# Anyone used the website Filmon in Dubai?



## keefiest (Jun 23, 2013)

Anyone used the website Filmon in Dubai? Just wanted to know if it is accessible or not. Many thanks in advance.


----------



## dizzyizzy (Mar 30, 2008)

I have the app on my iPad and it works fine, no 'workaround' needed, although to be honest I never watch it. My internet is with Du, if that helps.


----------



## BBmover (Jun 15, 2013)

I can use it on my iPad but when we try through our Internet on TV it doesn't work.....or I'm doing something wrong? It works fine but it does cut out from time to time.


----------



## keefiest (Jun 23, 2013)

BBmover said:


> I can use it on my iPad but when we try through our Internet on TV it doesn't work.....or I'm doing something wrong? It works fine but it does cut out from time to time.

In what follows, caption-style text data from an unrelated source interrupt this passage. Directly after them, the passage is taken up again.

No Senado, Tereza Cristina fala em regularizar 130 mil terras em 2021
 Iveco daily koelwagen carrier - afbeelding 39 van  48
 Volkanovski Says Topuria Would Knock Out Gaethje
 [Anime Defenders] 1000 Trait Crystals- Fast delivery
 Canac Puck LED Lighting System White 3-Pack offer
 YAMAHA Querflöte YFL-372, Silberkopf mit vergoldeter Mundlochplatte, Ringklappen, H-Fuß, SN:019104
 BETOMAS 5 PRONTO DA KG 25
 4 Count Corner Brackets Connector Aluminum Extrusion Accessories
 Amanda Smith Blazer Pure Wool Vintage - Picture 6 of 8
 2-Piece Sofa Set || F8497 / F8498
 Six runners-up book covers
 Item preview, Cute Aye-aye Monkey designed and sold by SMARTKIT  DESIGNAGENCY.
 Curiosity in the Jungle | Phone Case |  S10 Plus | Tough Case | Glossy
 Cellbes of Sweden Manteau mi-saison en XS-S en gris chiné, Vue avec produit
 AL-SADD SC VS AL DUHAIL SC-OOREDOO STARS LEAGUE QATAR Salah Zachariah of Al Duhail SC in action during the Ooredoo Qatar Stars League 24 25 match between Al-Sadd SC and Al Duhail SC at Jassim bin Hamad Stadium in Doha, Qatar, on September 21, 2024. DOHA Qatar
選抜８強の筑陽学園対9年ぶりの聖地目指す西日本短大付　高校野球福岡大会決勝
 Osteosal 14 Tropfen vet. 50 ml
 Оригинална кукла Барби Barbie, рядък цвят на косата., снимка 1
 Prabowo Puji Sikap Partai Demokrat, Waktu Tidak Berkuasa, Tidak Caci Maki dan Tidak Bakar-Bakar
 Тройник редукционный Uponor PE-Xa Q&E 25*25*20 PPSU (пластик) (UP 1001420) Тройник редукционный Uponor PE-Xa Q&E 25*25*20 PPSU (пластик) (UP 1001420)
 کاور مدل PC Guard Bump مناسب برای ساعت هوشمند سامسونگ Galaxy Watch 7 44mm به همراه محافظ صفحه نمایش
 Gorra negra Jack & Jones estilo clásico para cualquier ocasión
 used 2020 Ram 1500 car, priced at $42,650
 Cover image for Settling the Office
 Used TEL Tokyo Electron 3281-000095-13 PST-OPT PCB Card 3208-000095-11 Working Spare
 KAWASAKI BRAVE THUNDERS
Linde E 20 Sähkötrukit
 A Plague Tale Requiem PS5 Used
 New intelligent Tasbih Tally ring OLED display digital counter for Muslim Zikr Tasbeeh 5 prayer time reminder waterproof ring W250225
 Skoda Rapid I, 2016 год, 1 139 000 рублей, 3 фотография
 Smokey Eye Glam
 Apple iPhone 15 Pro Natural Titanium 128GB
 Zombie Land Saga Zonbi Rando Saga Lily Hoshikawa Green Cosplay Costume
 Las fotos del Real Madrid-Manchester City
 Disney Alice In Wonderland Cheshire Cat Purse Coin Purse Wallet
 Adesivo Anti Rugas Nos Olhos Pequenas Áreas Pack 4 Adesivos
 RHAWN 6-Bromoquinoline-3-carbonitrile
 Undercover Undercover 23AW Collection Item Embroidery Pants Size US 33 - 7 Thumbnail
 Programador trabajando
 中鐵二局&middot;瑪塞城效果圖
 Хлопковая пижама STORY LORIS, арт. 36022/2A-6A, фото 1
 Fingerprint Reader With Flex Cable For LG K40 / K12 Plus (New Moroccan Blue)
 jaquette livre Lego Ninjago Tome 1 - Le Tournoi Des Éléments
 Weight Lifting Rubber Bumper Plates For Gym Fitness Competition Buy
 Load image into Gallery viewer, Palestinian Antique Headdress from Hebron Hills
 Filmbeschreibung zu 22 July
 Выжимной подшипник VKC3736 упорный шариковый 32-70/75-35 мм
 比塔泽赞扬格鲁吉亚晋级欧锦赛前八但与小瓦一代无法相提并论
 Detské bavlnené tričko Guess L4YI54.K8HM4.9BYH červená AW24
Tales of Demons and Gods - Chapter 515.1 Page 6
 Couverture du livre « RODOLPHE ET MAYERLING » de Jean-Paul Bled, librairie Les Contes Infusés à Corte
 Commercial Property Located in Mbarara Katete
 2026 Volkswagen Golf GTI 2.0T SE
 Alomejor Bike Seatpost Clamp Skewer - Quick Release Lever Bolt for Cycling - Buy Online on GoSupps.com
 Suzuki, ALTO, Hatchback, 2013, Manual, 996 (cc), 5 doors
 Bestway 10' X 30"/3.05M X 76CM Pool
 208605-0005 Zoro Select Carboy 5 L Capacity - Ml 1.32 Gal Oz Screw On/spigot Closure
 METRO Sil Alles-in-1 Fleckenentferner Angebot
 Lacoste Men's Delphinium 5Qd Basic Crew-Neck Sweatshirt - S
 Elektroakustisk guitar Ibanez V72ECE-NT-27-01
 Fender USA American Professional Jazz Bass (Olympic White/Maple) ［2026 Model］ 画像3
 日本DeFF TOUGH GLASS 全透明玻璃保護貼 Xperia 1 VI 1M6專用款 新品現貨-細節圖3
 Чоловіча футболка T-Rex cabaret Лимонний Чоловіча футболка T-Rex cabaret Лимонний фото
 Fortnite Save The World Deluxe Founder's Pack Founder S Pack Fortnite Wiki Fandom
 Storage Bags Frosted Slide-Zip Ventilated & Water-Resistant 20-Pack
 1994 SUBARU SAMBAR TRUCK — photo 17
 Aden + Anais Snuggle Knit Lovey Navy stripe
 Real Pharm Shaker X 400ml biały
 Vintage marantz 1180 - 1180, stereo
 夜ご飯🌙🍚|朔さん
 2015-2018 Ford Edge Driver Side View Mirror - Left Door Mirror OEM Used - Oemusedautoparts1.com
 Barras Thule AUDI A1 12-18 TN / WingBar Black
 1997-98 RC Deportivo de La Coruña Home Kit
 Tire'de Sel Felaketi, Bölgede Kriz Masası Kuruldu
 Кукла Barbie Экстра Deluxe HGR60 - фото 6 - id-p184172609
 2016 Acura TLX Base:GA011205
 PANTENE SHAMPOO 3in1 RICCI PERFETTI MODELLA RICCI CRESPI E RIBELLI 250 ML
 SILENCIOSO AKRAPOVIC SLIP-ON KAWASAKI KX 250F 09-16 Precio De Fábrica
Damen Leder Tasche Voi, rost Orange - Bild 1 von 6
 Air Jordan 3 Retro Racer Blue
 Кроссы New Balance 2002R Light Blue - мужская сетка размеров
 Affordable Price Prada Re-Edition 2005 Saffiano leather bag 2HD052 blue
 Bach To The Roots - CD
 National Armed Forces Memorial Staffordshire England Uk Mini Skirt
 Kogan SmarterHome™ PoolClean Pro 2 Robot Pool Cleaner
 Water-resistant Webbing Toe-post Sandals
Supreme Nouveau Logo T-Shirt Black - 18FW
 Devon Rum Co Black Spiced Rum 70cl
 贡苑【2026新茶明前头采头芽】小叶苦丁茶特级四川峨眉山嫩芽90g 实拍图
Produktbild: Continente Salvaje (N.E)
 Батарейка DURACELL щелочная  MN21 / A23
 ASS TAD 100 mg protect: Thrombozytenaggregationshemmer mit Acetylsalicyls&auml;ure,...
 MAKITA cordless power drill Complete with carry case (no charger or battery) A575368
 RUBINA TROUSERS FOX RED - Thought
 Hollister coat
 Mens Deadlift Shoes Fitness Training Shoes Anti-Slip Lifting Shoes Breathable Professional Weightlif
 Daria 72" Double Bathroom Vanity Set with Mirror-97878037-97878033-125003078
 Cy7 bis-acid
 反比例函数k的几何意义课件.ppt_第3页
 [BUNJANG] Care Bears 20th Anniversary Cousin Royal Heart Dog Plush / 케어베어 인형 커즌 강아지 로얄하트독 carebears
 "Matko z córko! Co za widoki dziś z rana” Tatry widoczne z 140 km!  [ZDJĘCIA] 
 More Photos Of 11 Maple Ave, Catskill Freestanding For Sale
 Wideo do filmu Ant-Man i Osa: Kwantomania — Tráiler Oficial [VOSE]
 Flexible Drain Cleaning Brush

Thats brilliant, so no issues regarding the site being blocked then or anything else like that.


----------



## BBmover (Jun 15, 2013)

No problems being blocked!


----------



## keefiest (Jun 23, 2013)

BBmover said:


> No problems being blocked!


Thanks BBMover that will make things alot easier.


----------



## Brav0 (Feb 11, 2013)

I use it on my laptop and ipad I don't subscribe to the premium HD service, just standard def


----------



## boris&L (Aug 7, 2013)

You could use it in combination with Apple TV, you can stream the movies using the projection option in your Mac or your IPad. Works wonderfully (video and sound)


----------



## Ogri750 (Feb 14, 2008)

Mirroring it through Apple TV from my Mac is exactly what I am doing at the moment. 

Bourne Supremacy on ITV 2


----------